Problem
Write out exactly the lines of the entries below, from the first through the line containing "2006-2008 BMW E63", and nothing beyond them.

___ Data supplied ___

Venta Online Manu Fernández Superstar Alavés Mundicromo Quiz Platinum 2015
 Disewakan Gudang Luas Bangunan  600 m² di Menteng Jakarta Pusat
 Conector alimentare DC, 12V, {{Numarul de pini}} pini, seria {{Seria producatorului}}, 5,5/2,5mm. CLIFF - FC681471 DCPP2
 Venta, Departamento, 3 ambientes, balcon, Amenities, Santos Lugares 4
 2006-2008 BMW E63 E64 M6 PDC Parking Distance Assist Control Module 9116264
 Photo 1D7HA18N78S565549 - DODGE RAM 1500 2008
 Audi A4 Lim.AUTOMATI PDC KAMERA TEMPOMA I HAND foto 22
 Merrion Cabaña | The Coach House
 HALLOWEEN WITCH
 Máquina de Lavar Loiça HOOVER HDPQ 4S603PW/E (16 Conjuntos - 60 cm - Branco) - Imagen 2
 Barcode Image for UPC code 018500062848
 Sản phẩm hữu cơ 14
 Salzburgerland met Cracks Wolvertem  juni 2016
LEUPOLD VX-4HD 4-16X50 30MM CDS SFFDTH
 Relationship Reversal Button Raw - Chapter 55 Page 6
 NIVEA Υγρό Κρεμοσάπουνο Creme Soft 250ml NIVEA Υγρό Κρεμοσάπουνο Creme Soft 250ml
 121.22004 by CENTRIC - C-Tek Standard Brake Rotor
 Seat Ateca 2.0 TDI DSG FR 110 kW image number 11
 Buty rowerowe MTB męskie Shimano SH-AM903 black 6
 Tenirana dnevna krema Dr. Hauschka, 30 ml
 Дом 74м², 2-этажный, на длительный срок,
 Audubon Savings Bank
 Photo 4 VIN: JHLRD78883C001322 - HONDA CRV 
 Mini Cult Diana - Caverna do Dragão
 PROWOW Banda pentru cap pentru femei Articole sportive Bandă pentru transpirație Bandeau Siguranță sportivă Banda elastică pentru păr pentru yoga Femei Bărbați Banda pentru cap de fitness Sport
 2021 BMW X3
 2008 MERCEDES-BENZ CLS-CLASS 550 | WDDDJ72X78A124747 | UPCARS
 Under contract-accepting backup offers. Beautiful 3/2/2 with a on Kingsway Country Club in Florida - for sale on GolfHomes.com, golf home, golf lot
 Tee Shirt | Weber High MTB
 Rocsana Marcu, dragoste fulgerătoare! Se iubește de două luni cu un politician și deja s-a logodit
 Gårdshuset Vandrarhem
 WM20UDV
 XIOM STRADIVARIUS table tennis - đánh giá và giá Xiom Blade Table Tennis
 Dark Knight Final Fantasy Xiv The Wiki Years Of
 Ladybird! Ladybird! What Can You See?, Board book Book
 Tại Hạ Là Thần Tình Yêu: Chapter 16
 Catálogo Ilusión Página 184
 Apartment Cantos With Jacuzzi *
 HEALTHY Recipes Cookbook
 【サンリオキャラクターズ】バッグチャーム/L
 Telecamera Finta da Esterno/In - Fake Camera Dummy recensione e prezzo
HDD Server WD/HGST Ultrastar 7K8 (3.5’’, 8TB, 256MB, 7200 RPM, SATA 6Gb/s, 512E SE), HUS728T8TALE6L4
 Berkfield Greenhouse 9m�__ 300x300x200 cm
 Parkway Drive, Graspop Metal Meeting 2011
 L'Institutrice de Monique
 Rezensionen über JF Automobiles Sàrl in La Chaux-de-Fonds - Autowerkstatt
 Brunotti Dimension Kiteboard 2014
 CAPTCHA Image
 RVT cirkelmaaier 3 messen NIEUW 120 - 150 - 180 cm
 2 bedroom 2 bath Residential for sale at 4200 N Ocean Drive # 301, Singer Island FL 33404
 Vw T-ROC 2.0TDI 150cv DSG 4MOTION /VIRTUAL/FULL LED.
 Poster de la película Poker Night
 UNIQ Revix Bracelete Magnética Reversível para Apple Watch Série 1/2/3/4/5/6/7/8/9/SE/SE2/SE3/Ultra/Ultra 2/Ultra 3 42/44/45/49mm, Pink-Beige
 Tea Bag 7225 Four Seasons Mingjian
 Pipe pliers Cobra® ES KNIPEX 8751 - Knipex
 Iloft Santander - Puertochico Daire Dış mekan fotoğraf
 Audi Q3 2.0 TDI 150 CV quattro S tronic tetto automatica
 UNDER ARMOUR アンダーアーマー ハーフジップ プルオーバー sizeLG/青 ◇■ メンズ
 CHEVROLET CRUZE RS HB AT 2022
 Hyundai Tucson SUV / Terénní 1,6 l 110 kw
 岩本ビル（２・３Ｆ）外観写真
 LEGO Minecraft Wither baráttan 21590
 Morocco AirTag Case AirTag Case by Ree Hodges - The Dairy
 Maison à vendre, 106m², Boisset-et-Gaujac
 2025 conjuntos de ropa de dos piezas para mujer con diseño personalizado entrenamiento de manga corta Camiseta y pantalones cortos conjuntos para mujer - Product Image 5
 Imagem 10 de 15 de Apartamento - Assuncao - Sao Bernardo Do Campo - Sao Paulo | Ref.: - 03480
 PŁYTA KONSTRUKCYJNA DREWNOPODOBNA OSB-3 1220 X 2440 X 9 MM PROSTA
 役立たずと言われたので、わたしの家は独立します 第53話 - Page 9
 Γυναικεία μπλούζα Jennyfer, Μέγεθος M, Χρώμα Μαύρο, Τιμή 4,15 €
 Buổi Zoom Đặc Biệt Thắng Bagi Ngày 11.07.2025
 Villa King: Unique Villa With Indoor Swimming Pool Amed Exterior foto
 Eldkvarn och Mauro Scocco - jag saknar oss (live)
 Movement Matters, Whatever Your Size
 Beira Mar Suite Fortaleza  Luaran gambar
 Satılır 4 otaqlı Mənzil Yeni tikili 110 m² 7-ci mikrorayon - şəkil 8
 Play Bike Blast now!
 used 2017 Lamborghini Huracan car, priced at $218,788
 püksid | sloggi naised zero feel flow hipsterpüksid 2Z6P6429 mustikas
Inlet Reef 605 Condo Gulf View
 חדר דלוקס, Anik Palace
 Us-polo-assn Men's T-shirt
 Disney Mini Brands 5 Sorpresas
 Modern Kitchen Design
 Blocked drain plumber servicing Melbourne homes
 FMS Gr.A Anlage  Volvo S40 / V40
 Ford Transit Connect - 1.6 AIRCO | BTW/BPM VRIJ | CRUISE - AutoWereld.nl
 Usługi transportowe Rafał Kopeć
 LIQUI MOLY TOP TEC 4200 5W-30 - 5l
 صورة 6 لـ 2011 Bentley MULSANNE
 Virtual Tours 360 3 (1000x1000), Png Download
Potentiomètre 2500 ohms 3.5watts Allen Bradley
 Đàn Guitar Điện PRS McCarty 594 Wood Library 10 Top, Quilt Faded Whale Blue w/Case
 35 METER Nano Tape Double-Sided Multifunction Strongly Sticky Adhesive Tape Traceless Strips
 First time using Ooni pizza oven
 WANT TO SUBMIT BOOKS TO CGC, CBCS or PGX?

___

Task response
Venta Online Manu Fernández Superstar Alavés Mundicromo Quiz Platinum 2015
 Disewakan Gudang Luas Bangunan  600 m² di Menteng Jakarta Pusat
 Conector alimentare DC, 12V, {{Numarul de pini}} pini, seria {{Seria producatorului}}, 5,5/2,5mm. CLIFF - FC681471 DCPP2
 Venta, Departamento, 3 ambientes, balcon, Amenities, Santos Lugares 4
 2006-2008 BMW E63 E64 M6 PDC Parking Distance Assist Control Module 9116264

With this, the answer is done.